In its ruling on the Byrd Amendment, the WTO authorized imposition of retaliatory tariffs on US imports - up to about $134 million in duties for 2005 - by 11 US trading partners, including the European Union (EU), Canada, and Mexico.

Dumping is the import of goods at a price below the home-market or a third-country price or below the cost of production. A subsidy is a grant conferred by government on a producer.

The deficit-reduction bill passed by the Senate yesterday also would eliminate by August 2006 a cotton export subsidy program called Step 2.

Step 2 is part of a larger farm program that pays domestic users and exporters to buy US-grown cotton whenever US cotton prices exceed world market prices.

Last March, the WTO ruled in a case brought by Brazil and cotton-producing companies from West Africa that the program violates the WTO agreement on subsidies.

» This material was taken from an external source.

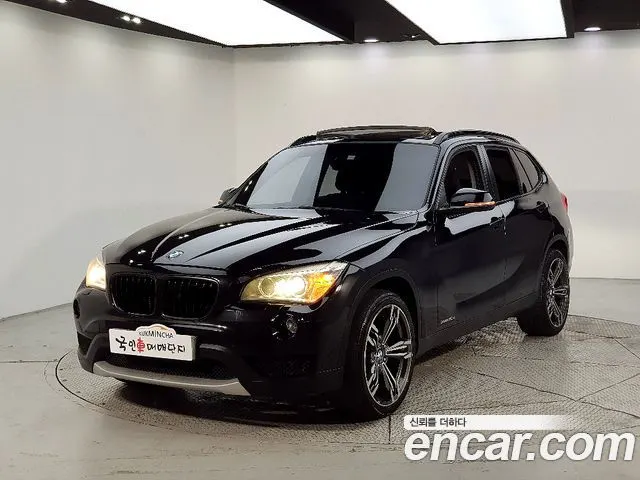 BMW X1 2013 — 142 000 км, чёрный, Корея — под ключ — фото 2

Repeal of Step 2 would advance US compliance on the WTO cotton ruling.

In June, the US Department of Agriculture (USDA) complied with part of the ruling that did not need congressional approval: It changed the way it charges fees on two programs that guarantee credits for foreign purchases of US agricultural products by basing such fees on risk, as the WTO ruling required.

At the recently concluded WTO ministerial meeting in Hong Kong, US Trade Representative Rob Portman committed the US to repealing all cotton export subsidies by the end of 2006.

A declaration issued by ministers at the end of the meeting also calls for duty-free, quota-free access to cotton from the poorest least-developed countries, but only when implementation starts on any final agreement reached in the long-stalled, broader WTO negotiations.

The declaration also states as an objective that any negotiated cuts in domestic support spending for cotton farmers in wealthy countries would have to go deeper and be implemented faster than any other domestic agricultural subsidy cuts.

The US delegation worked intensively with negotiators from Burkina Faso, Benin, Mali, Chad, and Senegal, countries known as the C5, that had threatened to block any WTO agreement without satisfactory resolution of the cotton issue.